▶ [TASK OBJECTIVE]
The result should be a word-for-word retyping of the entries below, free of pictures.
*** Opening of MATERIAL FOR THIS TASK ***
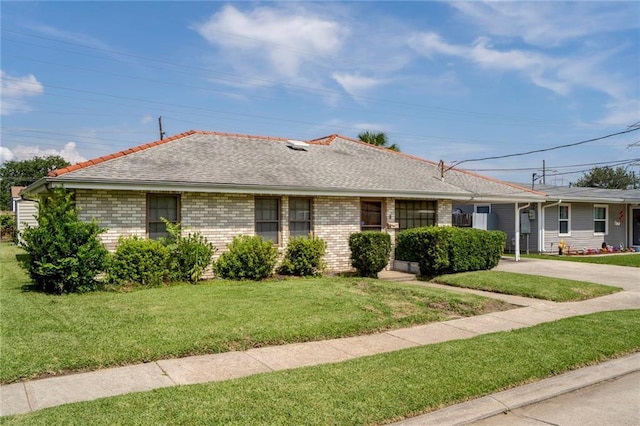 15 Tulip Dr, Gretna, LA 70053 - ranch-style house with a front yard, brick siding, driveway, and roof with shingles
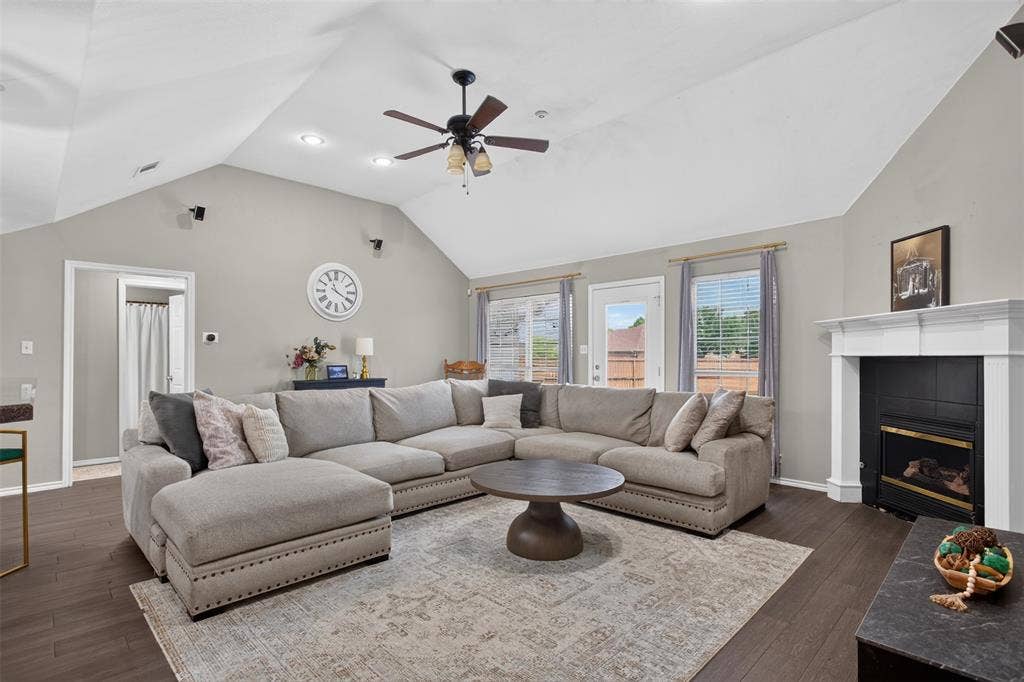 Spacious living area featuring vaulted ceilings, dark wood-finish flooring, and recessed lighting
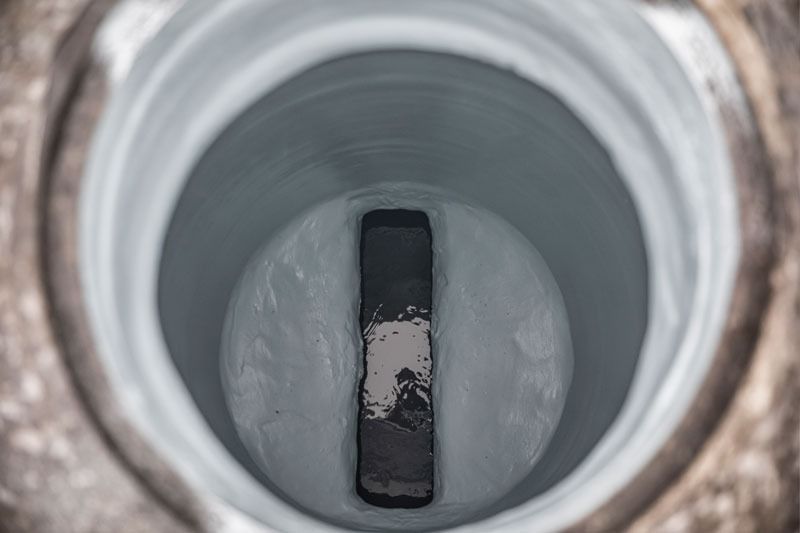 Inside a metal pipe, a dark rectangular object rests on the bottom amid white residue.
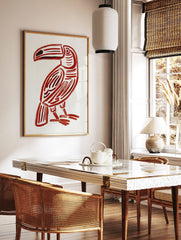 Red toucan illustration print with bold brushstrokes and dark accents on a white background, in a styled room mockup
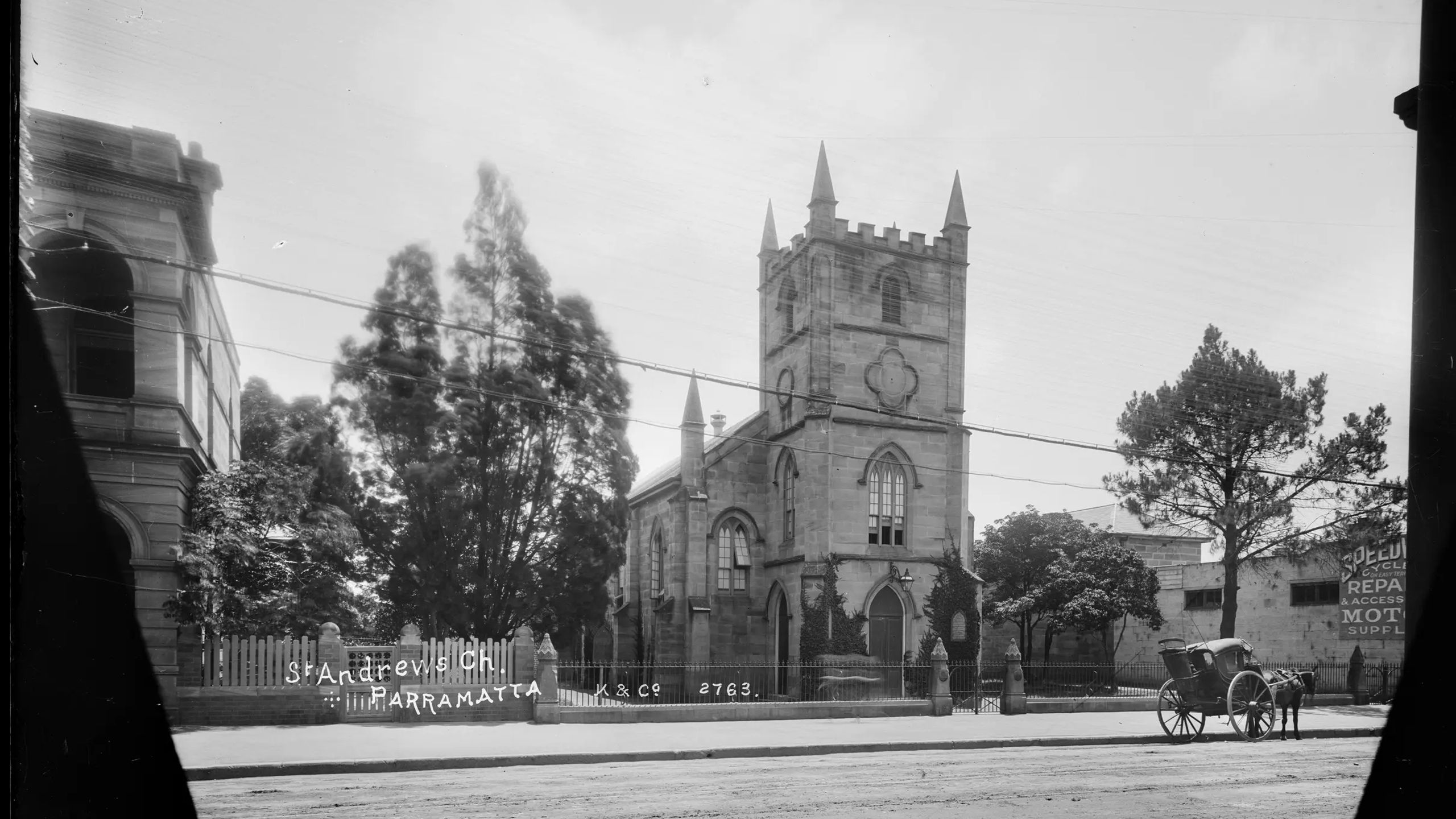 Silver gelatin dry plate glass negative in landscape format. The image depicts St Andrews Presbyterian Church in Parramatta. The church is depicted in the centre of the image. The front of the church features a turret like tower with four spires. The electric tramway is depicted in the foreground of the image. Other buildings are partially depicted on either side of the church. A hansom cab can be seen in the foreground in the left side of the image. The caption, studio mark and studio number are inscribed on the reverse of the negative.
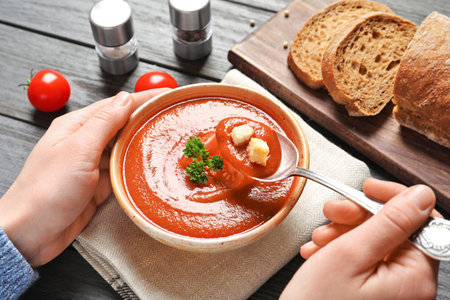 Woman eating fresh homemade tomato soup on wooden table, closeupの写真素材
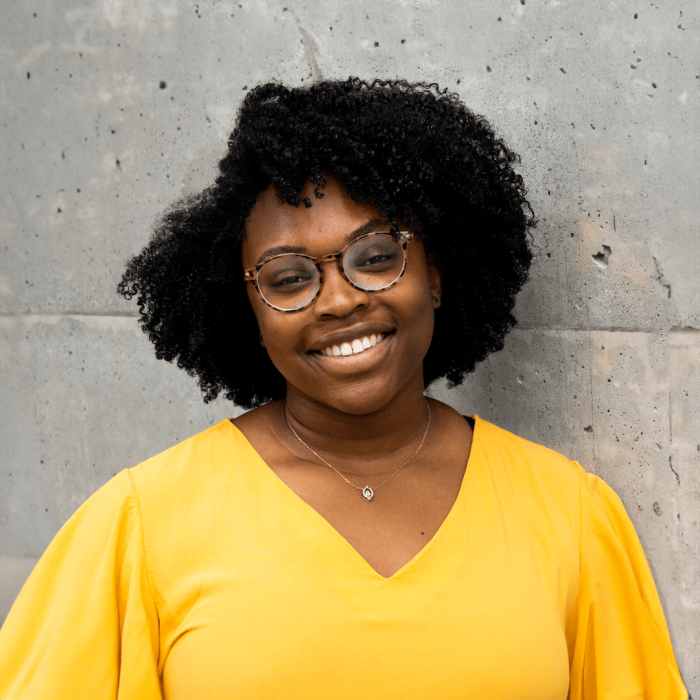 Jenna Louise Palmer-Dyer standing in front of grey wall with yellow shirt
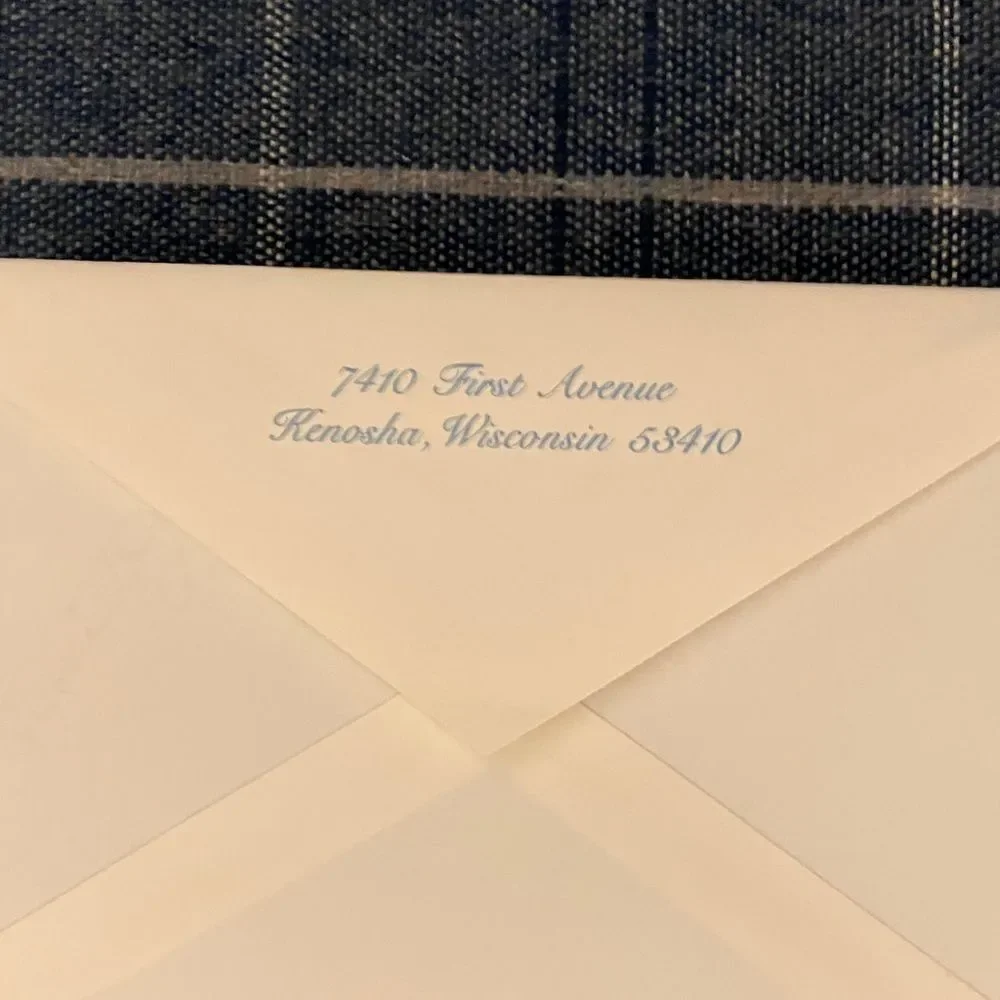 8 White and Blue Envelopes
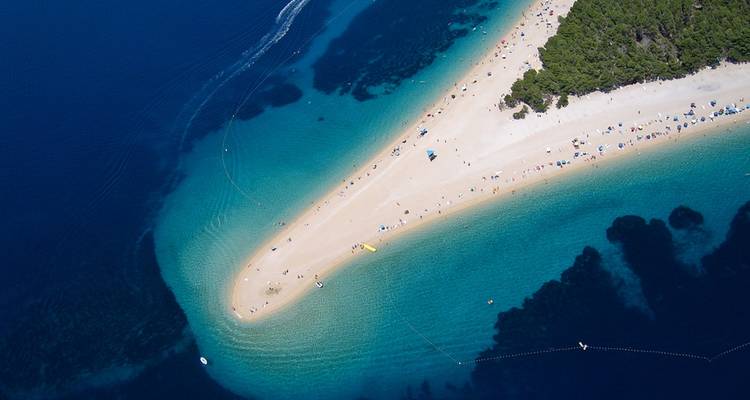 Aerial view of a beach with a unique pointed shape extending into the sea.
*** Close of MATERIAL FOR THIS TASK ***
▶ [WORKED SOLUTION]
 15 Tulip Dr, Gretna, LA 70053 - ranch-style house with a front yard, brick siding, driveway, and roof with shingles
 Spacious living area featuring vaulted ceilings, dark wood-finish flooring, and recessed lighting
 Inside a metal pipe, a dark rectangular object rests on the bottom amid white residue.
 Red toucan illustration print with bold brushstrokes and dark accents on a white background, in a styled room mockup
 Silver gelatin dry plate glass negative in landscape format. The image depicts St Andrews Presbyterian Church in Parramatta. The church is depicted in the centre of the image. The front of the church features a turret like tower with four spires. The electric tramway is depicted in the foreground of the image. Other buildings are partially depicted on either side of the church. A hansom cab can be seen in the foreground in the left side of the image. The caption, studio mark and studio number are inscribed on the reverse of the negative.
 Woman eating fresh homemade tomato soup on wooden table, closeupの写真素材
 Jenna Louise Palmer-Dyer standing in front of grey wall with yellow shirt
 8 White and Blue Envelopes
 Aerial view of a beach with a unique pointed shape extending into the sea.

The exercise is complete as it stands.